Cocaine administration alters behavioral and neural correlates of DMS performance. (A) Single session example of the change in cumulative distribution of correct and error trials during the control (saline) versus cocaine halves of the session. Cocaine (0.40 mg/kg) was administered after Trial 62 of the control (saline) half of the session, which reset the cumulative trial plot to 0 (Trial #) for 61 more trials in the cocaine half of the session. Cocaine produced a marked change in the cumulative number of correct (red) and error (blue) trials across the last (61 trials) half of the session compared with the control half of the session where the cumulative trial distribution (green and yellow) was similar. (B) Mean percentage of correct performance across all animals (n = 4) for trials with different numbers of distracter images (1–6) in the Match phase during control vs. cocaine halves of the same sessions (n = 19). Significance: **F(1, 96) > 11.22, p < .001; *F(1, 96) = 10.07, p < .01, +F(1, 96) = 3.87, p < .05. (C) Scatter plot of normalized cross-correlation coefficients from cell pairs shown in Figure 5C for both the control and cocaine halves of the same DMS session. Lack of distribution along the diagonal line represents a significant change in interlaminar correlated cell firing across the two halves of cocaine administered sessions. (D) Schematic diagram illustrating possible underlying basis for the effects of cocaine administration which produces a partial decoupling of interlaminar correlated firing between cells in pFC L2/3 and L5 as shown in C.

DISCUSSION

Response-Dependent Columnar Processing in pFC

The findings reported here (Figures 2, 3, and 4) are consistent with the idea that neurons in the supra- and infragranular layers form efficient minicolumnar circuits during the Match phase target selection process required for effective performance of tasks such as this one (Buffalo et al., 2011; Opris et al., 2011; Takeuchi et al., 2011; Resulaj et al., 2009; Pesaran et al., 2008; Swadlow, Gusev, & Bezdudnaya, 2002). The unique conformal ceramic (MEA) recording probe (Figure 1E) employed in this study provided the basis for this first time assessment of interlaminar correlated firing (Opris et al., 2011) validated in multiple recordings of L2/3 and L5 cell pairs that yielded similar relations following several manipulations and treatments across animals and sessions (Figures 3D, 4E, and 5E). The increase in L2/3 and L5 correlation specific to the decision for target selection in the Match phase of the task (Figures 2, 4, and 5) suggests that a key variable in DMS task-related performance was activation of L5 neurons via specific minicolumnar input from paired neurons in L2/3, which have been shown to participate in the integration of sensory evidence with “long-range” inputs from the dorsal visual stream, in parietal/visual cortex (Resulaj et al., 2009; Heekeren et al., 2008; Pesaran et al., 2008; Opris & Bruce, 2005). Such integration was definitely reduced on error trials as indicated by the reduction in firing synchrony between L2/3 and L5 cell pairs relative to correct trials under normal performance conditions (Figure 4B and E). Another feature demonstrating the columnar nature of this type of multineuron processing was the fact that classified cell pairs also showed the same Match phase spatial tuning biases (Felsen et al., 2002) during the session (Figure 3), which indicates the presence of previously identified pFC minicolumnar selection biases (Opris et al., 2011; Resulaj et al., 2009; Rao et al., 1999).

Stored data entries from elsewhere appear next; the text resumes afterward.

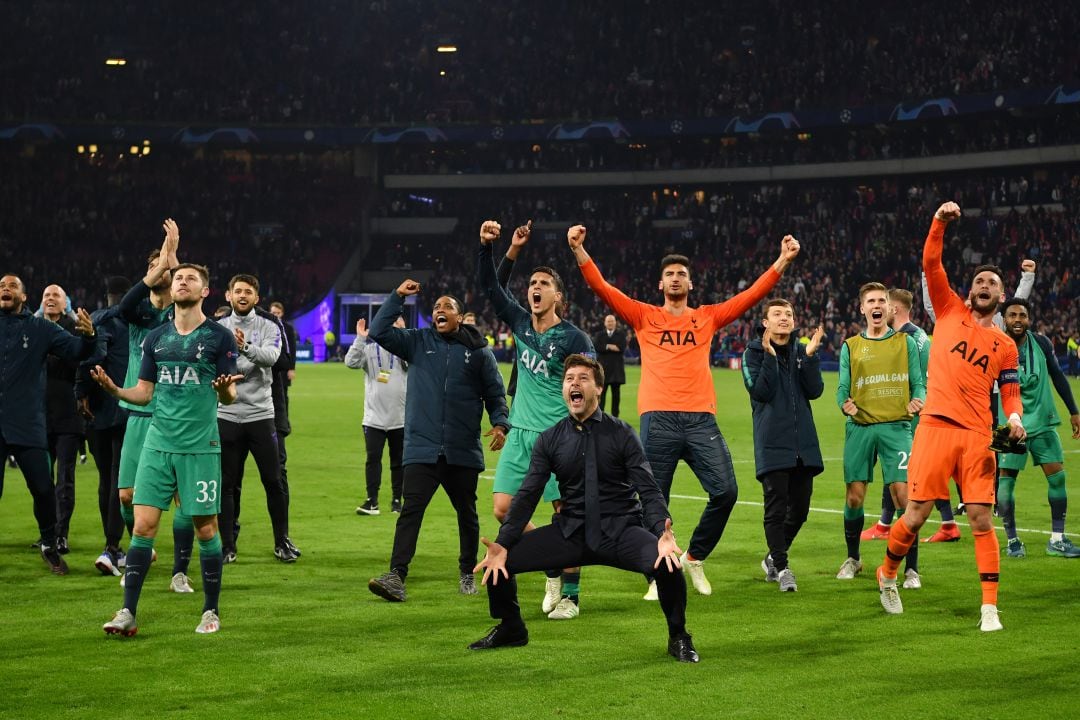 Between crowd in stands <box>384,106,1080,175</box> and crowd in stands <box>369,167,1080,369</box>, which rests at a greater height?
crowd in stands <box>384,106,1080,175</box>

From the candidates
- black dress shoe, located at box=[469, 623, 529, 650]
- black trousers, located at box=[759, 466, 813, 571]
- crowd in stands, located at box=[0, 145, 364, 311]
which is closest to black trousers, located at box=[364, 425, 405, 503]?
black trousers, located at box=[759, 466, 813, 571]

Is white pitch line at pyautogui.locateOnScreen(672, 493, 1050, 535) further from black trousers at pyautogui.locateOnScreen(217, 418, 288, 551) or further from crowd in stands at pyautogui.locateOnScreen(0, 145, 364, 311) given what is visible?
crowd in stands at pyautogui.locateOnScreen(0, 145, 364, 311)

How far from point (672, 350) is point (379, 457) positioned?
582cm

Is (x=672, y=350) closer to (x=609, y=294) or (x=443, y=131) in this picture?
(x=609, y=294)

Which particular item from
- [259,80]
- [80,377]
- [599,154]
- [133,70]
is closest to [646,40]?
[599,154]

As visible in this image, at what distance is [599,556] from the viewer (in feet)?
25.7

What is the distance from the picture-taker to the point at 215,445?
8.88 meters

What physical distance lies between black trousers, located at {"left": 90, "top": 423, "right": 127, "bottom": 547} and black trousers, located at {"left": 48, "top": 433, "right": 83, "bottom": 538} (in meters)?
0.46

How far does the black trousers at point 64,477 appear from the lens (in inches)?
474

pFC minicolumn has been regarded as a neuronal “module” (Casanova et al., 2003; Buxhoeveden & Casanova, 2002) with basic associative abilities to integrate the horizontal (or bottom–up sensory processing) and vertical (top–down) “components” of cortical integration (Mountcastle, 2007; Lund et al., 2003; Tanaka, 2003). Thus, neurons in supragranular layers have been shown to extend “long-range” feed-forward/feedback connections between primary sensory areas and pFC prividing input to minicolumns in L2/3 (Kritzer & Goldman-Rakic, 1995), whereas neurons in the infragranular layers that participate in the inter-laminar minicolumnar processing in L/5 provide the output to the subcortical structures involved in behavioral responding (Wagatsuma, Potjans, Diesmann, & Fukai, 2011). Alteration/disruption of prefrontal cortical minicolumns has been documented in schizophrenic and autistic patients that show cognitive deficits (Casanova et al., 2003, 2008; Buxhoeveden & Casanova, 2002).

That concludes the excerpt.